Methods: Images of EGC and non-cancerous lesions under narrow-band imaging (ME-NBI) and magnifying blue laser imaging (ME-BLI) were retrospectively collected. Training set 1 was composed of 150 non-cancerous and 309 EGC ME-NBI images, training set 2 was composed of 1505 non-cancerous and 309 EGC ME-BLI images, and training set 3 was the combination of training set 1 and 2. Test set 1 was composed of 376 non-cancerous and 1052 EGC ME-NBI images, test set 2 consisted of 529 non-cancerous and 71 EGC ME-BLI images, and test set 3 was the combination of test set 1 and test set 2. Three deep learning models, convolutional neural network (CNN) 1, CNN 2 and CNN 3 (CNN 1, CNN 2 and CNN 3 were independently trained using training set 1, training set 2 and training set 3, respectively), were constructed, and their performances on each test set were respectively evaluated. One hundred and thirty-eight ME-NBI videos and 17 ME-BLI videos were further collected to evaluate and compare the performance of each model in real time.

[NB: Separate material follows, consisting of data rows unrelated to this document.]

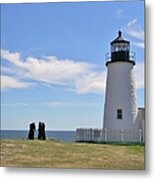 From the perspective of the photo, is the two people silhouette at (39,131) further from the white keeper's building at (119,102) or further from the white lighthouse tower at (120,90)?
the white lighthouse tower at (120,90)

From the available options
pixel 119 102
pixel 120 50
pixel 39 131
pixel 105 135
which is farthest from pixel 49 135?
pixel 120 50

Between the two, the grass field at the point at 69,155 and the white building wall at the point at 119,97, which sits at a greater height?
the white building wall at the point at 119,97

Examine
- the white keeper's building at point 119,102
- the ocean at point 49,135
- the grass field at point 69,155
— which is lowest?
the grass field at point 69,155

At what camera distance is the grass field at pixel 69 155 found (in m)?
2.63

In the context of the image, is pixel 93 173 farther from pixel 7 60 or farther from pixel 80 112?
pixel 7 60

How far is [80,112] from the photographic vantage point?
2689mm

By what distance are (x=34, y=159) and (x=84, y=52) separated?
2.08 ft

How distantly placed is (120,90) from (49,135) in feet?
1.48

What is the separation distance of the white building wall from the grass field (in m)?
0.13

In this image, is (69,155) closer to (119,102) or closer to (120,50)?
(119,102)

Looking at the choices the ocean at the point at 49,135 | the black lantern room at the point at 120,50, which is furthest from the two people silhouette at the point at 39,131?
the black lantern room at the point at 120,50

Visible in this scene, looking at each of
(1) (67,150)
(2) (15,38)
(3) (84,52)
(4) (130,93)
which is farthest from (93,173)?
(2) (15,38)

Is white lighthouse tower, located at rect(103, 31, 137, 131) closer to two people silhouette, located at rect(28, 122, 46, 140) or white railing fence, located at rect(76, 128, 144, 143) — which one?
white railing fence, located at rect(76, 128, 144, 143)

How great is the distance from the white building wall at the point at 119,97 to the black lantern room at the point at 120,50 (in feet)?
0.09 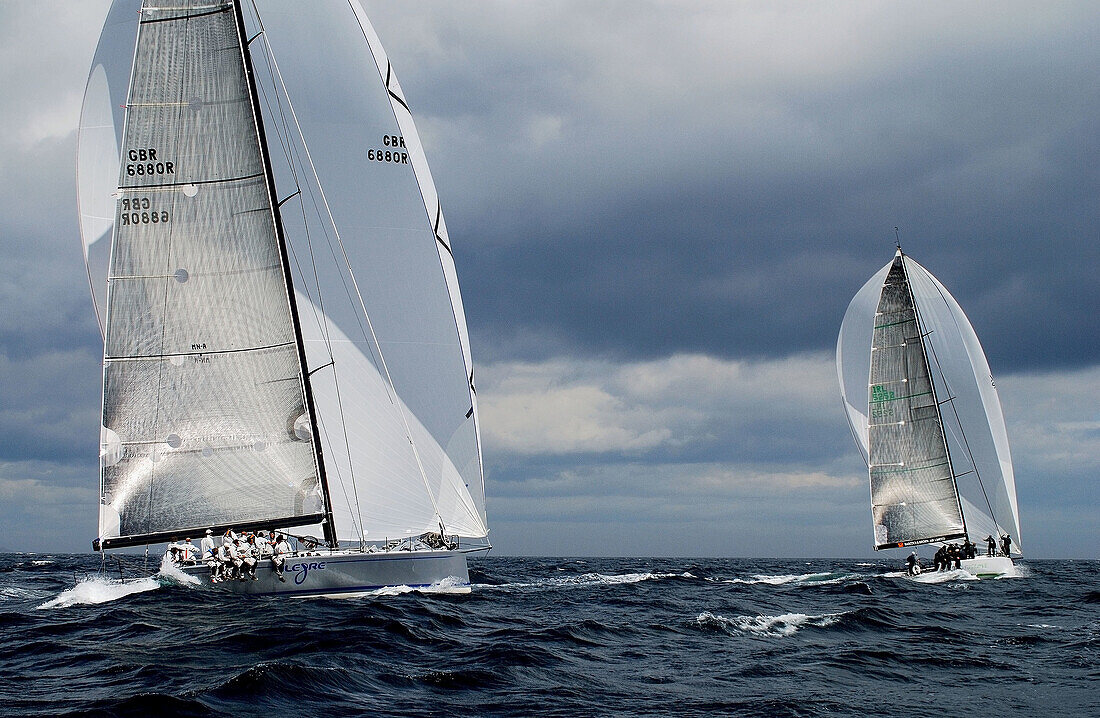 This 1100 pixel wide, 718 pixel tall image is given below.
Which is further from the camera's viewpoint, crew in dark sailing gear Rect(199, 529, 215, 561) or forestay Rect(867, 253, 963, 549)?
forestay Rect(867, 253, 963, 549)

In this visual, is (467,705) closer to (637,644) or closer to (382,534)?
(637,644)

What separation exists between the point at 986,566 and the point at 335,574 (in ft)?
94.0

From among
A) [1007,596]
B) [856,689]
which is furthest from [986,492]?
[856,689]

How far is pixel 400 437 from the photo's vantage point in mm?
24391

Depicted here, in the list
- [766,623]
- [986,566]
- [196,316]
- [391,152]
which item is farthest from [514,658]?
[986,566]

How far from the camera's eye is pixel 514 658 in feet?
48.6

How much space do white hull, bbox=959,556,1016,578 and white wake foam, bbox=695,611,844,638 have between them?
1765 cm

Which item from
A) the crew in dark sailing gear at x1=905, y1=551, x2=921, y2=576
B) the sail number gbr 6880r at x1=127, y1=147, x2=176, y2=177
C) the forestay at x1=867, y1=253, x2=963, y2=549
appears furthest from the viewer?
the forestay at x1=867, y1=253, x2=963, y2=549

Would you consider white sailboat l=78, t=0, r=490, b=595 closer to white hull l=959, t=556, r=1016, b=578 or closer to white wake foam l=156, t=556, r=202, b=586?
white wake foam l=156, t=556, r=202, b=586

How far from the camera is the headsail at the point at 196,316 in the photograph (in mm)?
20797

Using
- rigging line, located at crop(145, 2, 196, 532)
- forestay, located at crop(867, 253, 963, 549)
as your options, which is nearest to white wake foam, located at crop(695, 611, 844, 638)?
rigging line, located at crop(145, 2, 196, 532)

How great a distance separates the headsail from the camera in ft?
68.2

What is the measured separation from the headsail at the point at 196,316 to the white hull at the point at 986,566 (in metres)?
27.8

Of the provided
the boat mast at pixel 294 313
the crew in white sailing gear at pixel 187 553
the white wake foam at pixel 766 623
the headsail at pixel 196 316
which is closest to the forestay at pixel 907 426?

Results: On the whole, the performance of CNN 3 was the best. The accuracy (Acc), sensitivity (Sn), specificity (Sp) and area under the curve (AUC) of test set 1 in CNN 3 were 87.89% (1255/1428), 90.96% (342/376), 86.79% (913/1052) and 94.60%, respectively. The Acc, Sn, Sp and AUC of test set 2 in CNN 3 were 95% (570/600), 97.92% (518/529), 73.24% (52/71) and 90.93% respectively. The Acc, Sn, Sp and AUC of test set 3 in CNN 3 were 89.99% (1825/2028), 95.03% (860/905), 85.93% (965/1123) and 94.89%, respectively. The performance of CNN 3 was also the best in videos test set. The Acc, Sn and Sp of videos test set in CNN 3 were 91.03% (142/156), 90.58% (125/138) and 94.44% (17/18), respectively.
Conclusions: The deep learning model with the most diverse training data has the best diagnostic effect.